The presidential palace did not respond to requests for comment.

"This attack demonstrates that entire communities and families can be radicalised," Rohan Gunaratna, a Singapore based terrorism expert, said.

"This means that a catch and kill response alone will not work. The government must engage more with community leaders, schools, religious leaders in addition to expanding counter-terrorism capabilities," he said.

Family Secrets
Wawan Purwanto, a spokesman for the intelligence agency, said militants were being influenced by tactics in the Middle East, where children and women have been used in attacks.

He said there may also have been a belief that the whole family would enter heaven by carrying out an attack together.

Ansyad Mbai, a former head of Indonesia´s anti-terrorism agency (BNPT), said using a family unit for an attack helped ensure planning was kept secret.

The parents of the families had indoctrinated their children and every Sunday evening made them attend a prayer circle with adults, police said.

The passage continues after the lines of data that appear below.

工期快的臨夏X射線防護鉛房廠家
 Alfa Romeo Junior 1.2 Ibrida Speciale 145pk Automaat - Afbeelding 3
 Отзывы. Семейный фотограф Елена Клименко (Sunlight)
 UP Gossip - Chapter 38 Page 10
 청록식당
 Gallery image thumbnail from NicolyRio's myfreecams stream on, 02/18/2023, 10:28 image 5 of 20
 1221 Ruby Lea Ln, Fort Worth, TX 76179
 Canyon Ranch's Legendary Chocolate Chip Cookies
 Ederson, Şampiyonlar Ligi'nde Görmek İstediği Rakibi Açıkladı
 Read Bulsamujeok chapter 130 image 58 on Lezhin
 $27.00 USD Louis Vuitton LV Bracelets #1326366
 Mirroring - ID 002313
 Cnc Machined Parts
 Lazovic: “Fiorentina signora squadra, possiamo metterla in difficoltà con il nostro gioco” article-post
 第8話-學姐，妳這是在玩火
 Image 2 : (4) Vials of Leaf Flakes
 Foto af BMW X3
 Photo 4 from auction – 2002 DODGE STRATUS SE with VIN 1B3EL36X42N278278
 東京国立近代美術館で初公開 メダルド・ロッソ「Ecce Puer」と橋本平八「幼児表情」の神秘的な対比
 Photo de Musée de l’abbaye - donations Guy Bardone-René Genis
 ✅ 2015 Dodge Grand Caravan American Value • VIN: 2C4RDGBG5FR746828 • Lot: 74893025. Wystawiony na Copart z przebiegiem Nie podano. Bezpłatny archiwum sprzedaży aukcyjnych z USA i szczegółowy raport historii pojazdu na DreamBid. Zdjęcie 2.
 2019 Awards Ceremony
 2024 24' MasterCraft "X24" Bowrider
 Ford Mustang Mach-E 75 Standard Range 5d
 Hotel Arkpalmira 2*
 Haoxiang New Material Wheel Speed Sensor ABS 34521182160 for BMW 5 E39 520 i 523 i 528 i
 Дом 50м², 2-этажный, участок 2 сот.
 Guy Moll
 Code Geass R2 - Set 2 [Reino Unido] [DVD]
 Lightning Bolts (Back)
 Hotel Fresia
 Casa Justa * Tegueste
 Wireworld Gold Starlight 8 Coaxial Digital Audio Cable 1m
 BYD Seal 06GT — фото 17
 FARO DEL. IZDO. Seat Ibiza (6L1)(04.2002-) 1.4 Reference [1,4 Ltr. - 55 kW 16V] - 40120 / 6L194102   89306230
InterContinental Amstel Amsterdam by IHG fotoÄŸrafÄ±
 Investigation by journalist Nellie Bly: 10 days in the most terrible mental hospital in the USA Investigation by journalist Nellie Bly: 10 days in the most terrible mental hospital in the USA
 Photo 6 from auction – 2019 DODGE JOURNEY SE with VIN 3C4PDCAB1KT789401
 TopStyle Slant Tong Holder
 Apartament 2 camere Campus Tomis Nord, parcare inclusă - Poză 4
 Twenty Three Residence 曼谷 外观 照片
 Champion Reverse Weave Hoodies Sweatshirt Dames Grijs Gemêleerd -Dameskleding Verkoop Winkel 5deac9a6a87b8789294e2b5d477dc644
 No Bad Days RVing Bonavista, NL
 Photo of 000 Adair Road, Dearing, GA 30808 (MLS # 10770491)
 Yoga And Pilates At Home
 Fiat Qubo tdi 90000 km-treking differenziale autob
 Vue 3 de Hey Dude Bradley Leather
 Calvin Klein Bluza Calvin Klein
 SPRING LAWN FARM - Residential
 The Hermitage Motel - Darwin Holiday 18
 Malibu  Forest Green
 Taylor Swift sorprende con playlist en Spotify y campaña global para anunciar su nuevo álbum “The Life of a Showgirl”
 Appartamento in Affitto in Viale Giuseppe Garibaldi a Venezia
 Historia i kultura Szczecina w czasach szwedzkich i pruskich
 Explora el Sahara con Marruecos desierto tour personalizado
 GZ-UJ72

Oepriarto´s house is now boarded up and cordoned off with police tape after being searched by bomb squad and forensics teams for two days.

"On the day of the attack, the father and the two male children attended morning prayers at the neighbourhood mosque and then came back home briefly. They went out again at around 7 a.m. but I didn´t know where they were going. It turned out to be to the churches," said the neighbour, Trikusuma. Still, it appears there were some warning signs. In the attack on Surabaya´s city police headquarters on Monday, the father who brought his family on motorbikes to blow themselves up had come up on police radar after visiting terror convicts in a nearby jail, according to the community head.

Kukuh Santoso, 47, said that six to eight months ago the father, Tri Murtiono, had visited the convicts in a jail in Porong and after that police had paid a visit to the family.

"Besides that, we had absolutely no idea they were even thinking like this", said Santoso.

A counter-terrorism source confirmed this account, but declined to elaborate.